As the city slipped into isolation, queues formed for checks at health centres and supermarket shelves were cleared as shoppers panic-bought supplies. There were fears of a shortage of face masks widely worn by those who ventured outside, with manufacturers reopening factories which had closed for the holidays and paying staff up to four times their normal wages to return to work.
Huanggang, a city of more than seven million people just to the east of Wuhan in Hubei province, said it would also suspend its public bus and rail networks at the end of Thursday. Businesses including cinemas and internet cafes were told to close and residents were asked not to leave the city other than under special circumstances, state media reported.
The WHO said it was too early to tell if the quarantine would successfully prevent the virus spreading further.
“To my knowledge, trying to contain a city of 11 million people is new to science,” said Gauden Galea, the UN agency’s representative in China. “It has not been tried before as a public health measure, so we cannot at this stage say it will or will not work.”
The doctor, who visited a biosafety lab, hospital and airport in Wuhan earlier this week, said “we are now daily hearing of massive increases in the numbers” and “even if they are in the thousands, this would not surprise us”. But he added patient numbers alone did not indicate the severity of the outbreak as many cases were mild and the mortality rate had decreased.

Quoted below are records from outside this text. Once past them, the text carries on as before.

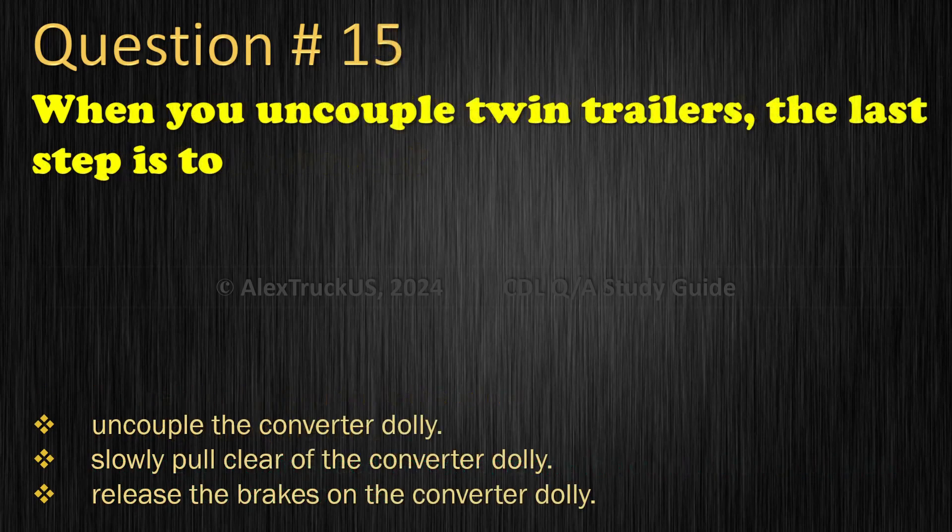Question 15: When you uncouple twin trailers, the last step is to: Uncouple the converter dolly; Slowly pull clear of the converter dolly; Release the brakes on the converter dolly. The correct answer is: Slowly pull clear of the converter dolly.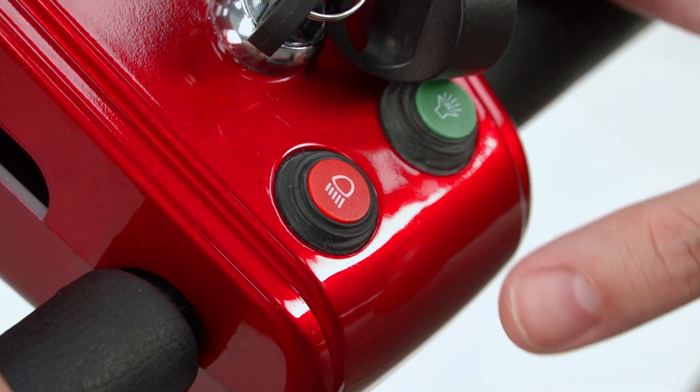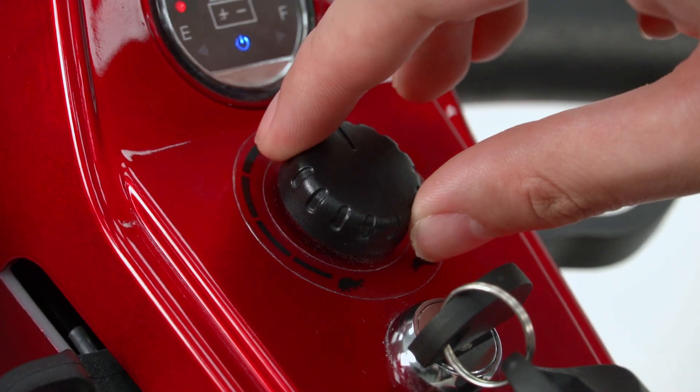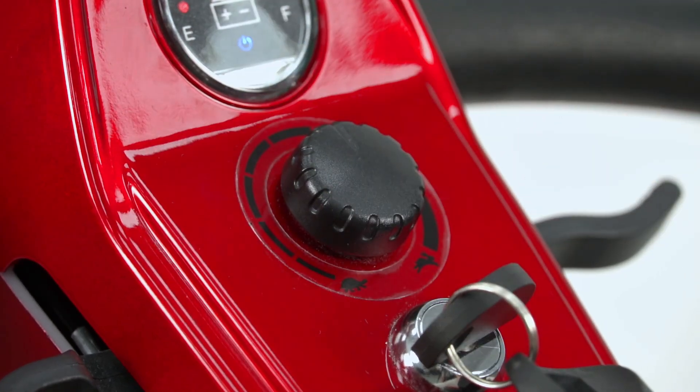Controls: To turn on the headlight, press the headlight button. To turn it off, simply press the button again. The speed can be adjusted by a dial. To increase the speed, turn the dial towards the rabbit symbol. To decrease the speed, turn the dial towards the tortoise symbol.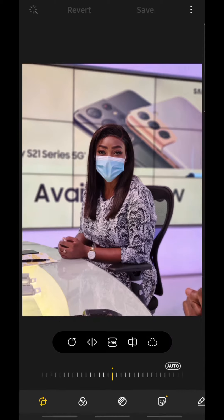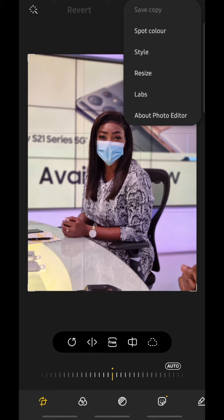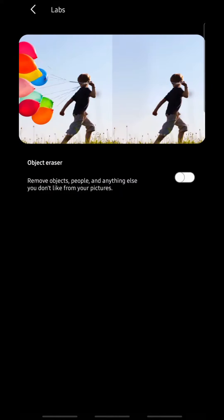There's a hidden feature in the S21 that I'd like to show you. First, you have to turn on that hidden feature. You do that by tapping on the edit button, then go to the options at the top right corner — the three dots — go to Labs, and you'd find Object Eraser.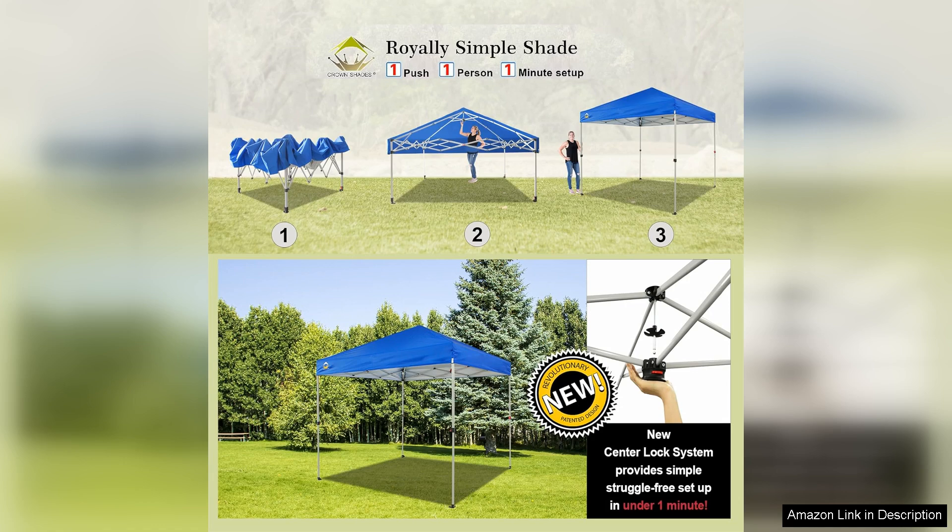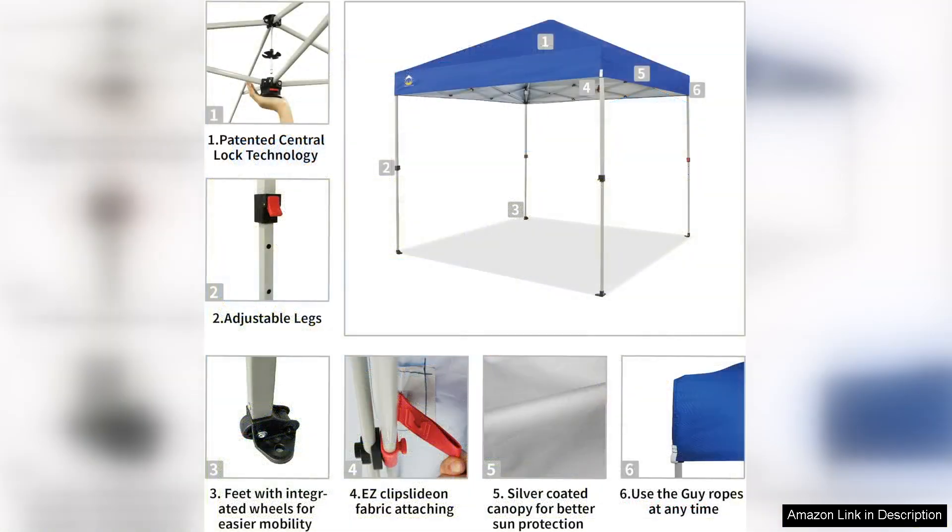Measuring 8x8 feet, the canopy provides ample shade for small gatherings, picnics, or beach days. The fabric is UV-protected, which is a crucial aspect for sun safety. It effectively blocks harmful rays, allowing you to enjoy your time outdoors without the constant worry of sunburn. Additionally, the water-resistant material repels light rain, ensuring that your belongings stay dry and protected.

Researchers at Imperial College London who studied the number and location of reported cases estimated that 4,000 people had been infected by the virus in Wuhan by 18 January.
"It is likely that the outbreak of a novel coronavirus in Wuhan has caused substantially more cases of moderate or severe respiratory illness than have currently been detected and reported," they said.
A panel of scientists were set to meet on Thursday at the WHO’s headquarters in Geneva to consider whether the outbreak of the new coronavirus should be declared an international emergency. The 16 independent experts in disease control, virology, epidemiology and vaccine development were holding a second closed-doors meeting after they were unable to reach a decision on Wednesday.
In the US, at least 16 people were being monitored for signs of the disease after they had had close contact with a man in Washington state who was diagnosed with the first American case.
The patient, a 30-year-old man who had recently returned from Wuhan, is recovering well and may soon be discharged from Providence Regional Medical Centre in the city of Everett, said the hospital's chief medical officer Jay Cook.